Organizations are not failing at transformation because of weak technology.
The Process Excellence Network has published research and expert perspectives across multiple formats this year, and the pattern is consistent. Transformation stalls at the same place, in the same way, for the same reason.
The operations were not documented before the initiative began.
According to the PEX Report 2025/26, based on a global survey of more than 220 transformation, operations, and business leaders, 56 percent of organizations are deploying enterprise-wide transformation strategies. Fifty-eight percent consider transformation a mission-critical driver of growth.
Yet process inconsistency ranks among the five most common integration challenges slowing those strategies down. The PEX Report finds that many organizations still operate with fragmented and poorly documented workflows, making it difficult to integrate systems effectively or scale improvements across the business.
The investment is real. The intent is present. The foundation is not.
For years, businesses operated on tacit knowledge. Workflows existed in conversations and institutional memory. Exceptions were handled by people who knew the workarounds. Inconsistencies were invisible because experienced team members compensated in real time.
AI changes that condition entirely.
As Process Excellence Network contributor Alex Vakulov observes, AI adoption forces a level of process formalization that many organizations had previously avoided. Manual workflows could sustain themselves on undocumented exceptions and inconsistent approvals because people absorbed the friction. Once AI enters those workflows, the same gaps that people quietly managed become operational liabilities. The system has no mechanism to compensate.
This is not a technology limitation. It is an operational exposure. AI did not create the problem. It removed the workaround.
This distinction matters: a documented workflow and a verbal habit are not the same thing, even when they produce similar outputs.
Doug Stephen, CEO of CGS, addressed this directly at the PEX Network’s All Access: AI in Process Excellence webinar series, where thought leaders from Google, SAP, Camunda, and other organizations gathered to examine why AI initiatives fail to move from pilot to production. The figure he referenced is stark: 95 percent of AI pilots do not reach production.
Stephen’s position is that most organizational processes are not actually processes. They are disconnected workflows performed differently by each team member. There is no standard. There is no defined ownership. There is no documented version that could be handed to a new employee, an AI system, or an auditor.
You cannot automate what has not been defined. You cannot scale what has never been standardized.
The consensus across the PEX webinar series, from practitioners at Google, SAP, and Camunda, is clear: successful AI adoption requires foundational work in data quality, process excellence, and organizational readiness before any technology is deployed.

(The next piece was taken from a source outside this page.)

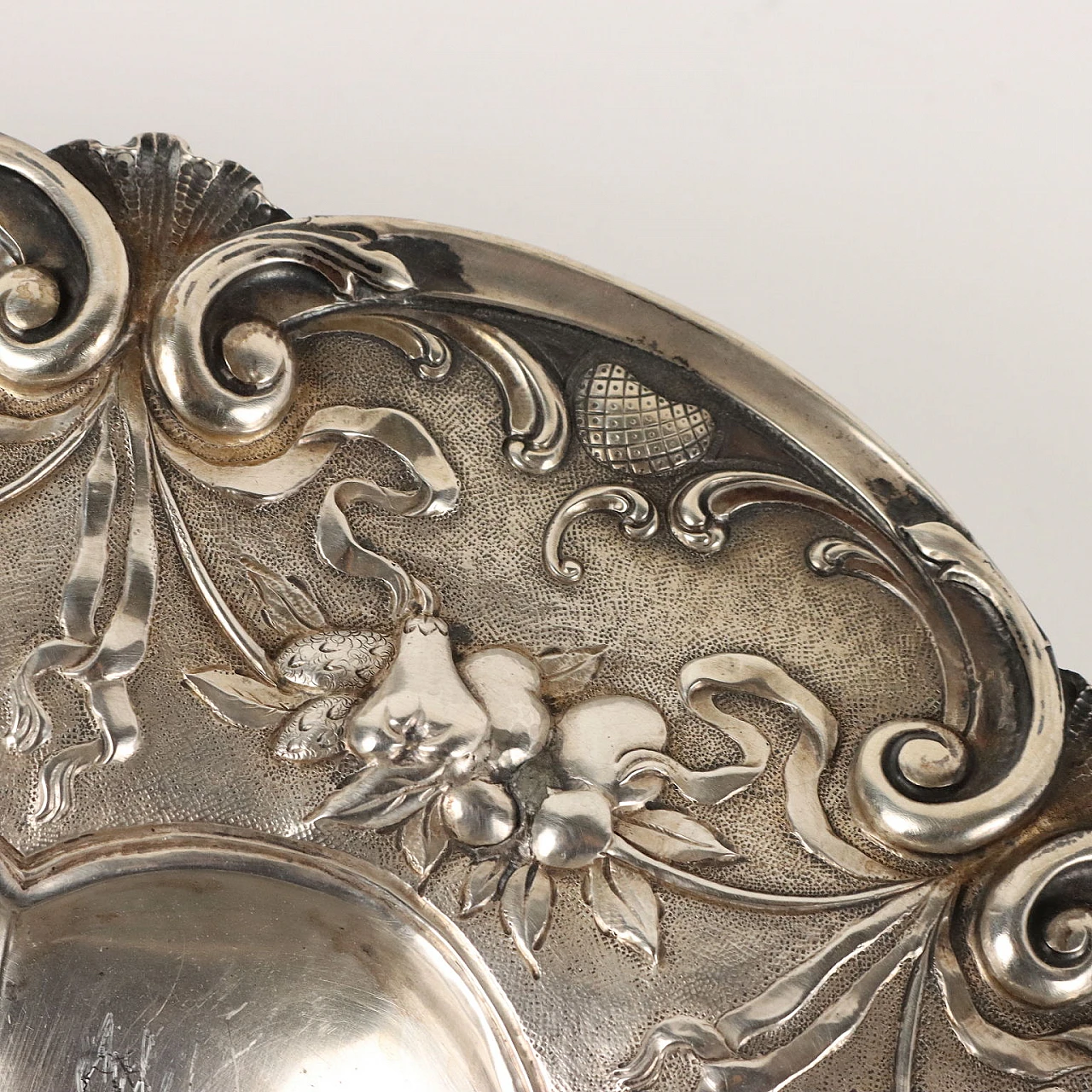 Alzata in argento con quattro piedini a volute fogliacee, fine '800 6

That sequence matters. Organizations that skip it end up with what Camunda describes as supercharged fragmentation, adding AI point solutions to disconnected systems and creating more complexity, not less.
The PEX Report reinforces the stakes. Less than half of the organizations surveyed currently have an AI governance policy. Without documented workflows defining ownership, decision authority, and accountability, there is nothing for governance to govern.
Process formalization is not a bureaucratic exercise. It is the condition that determines whether transformation has anywhere to land.
The integration challenges the PEX Report identifies are not independent problems. They share an underlying condition.
Legacy systems become problematic when there is no documented understanding of what the business requires from them. Fragmented data becomes unmanageable when there are no documented standards governing how data is created, owned, and used. Process inconsistency persists when workflows live in people’s heads instead of maintained documentation. Misaligned tools fail to connect because the operations they are supposed to support were never defined to a shared standard.
Transformation does not break at technology. It breaks at the absence of documented operational infrastructure that technology could build on.
The transformation gap is a documentation gap.
This is the argument three separate bodies of reporting from the Process Excellence Network make in alignment. Organizations are investing in transformation at scale while operating on workflows that were never written down, standards that were never formalized, and processes that vary by the person performing them.
AI adoption does not fix that condition. It exposes it.
Businesses that want transformation to deliver on its investment need to document their operations before they automate them. Not as a compliance step. As the structural prerequisite that makes any of the rest of it possible.
Expert Tip
Before evaluating any AI tool or transformation initiative, run this test on the workflow you are considering.
Can you provide a description of that workflow to someone unfamiliar with your business and have them execute it correctly without asking a single question?
If the answer is no, incorporating additional tools or automation may create a new bottleneck.
Sources: Amelia Brand, “5 Integration Challenges Slowing Transformation and How to Overcome Them,” Process Excellence Network, March 20, 2026. Alex Vakulov, “How AI Is Changing Decision Authority in Data-Driven Organizations,” Process Excellence Network, March 27, 2026. Rose Morishita, “AI in Process Excellence: Laying the Foundation for Enterprise AI Success,” Process Excellence Network, March 30, 2026.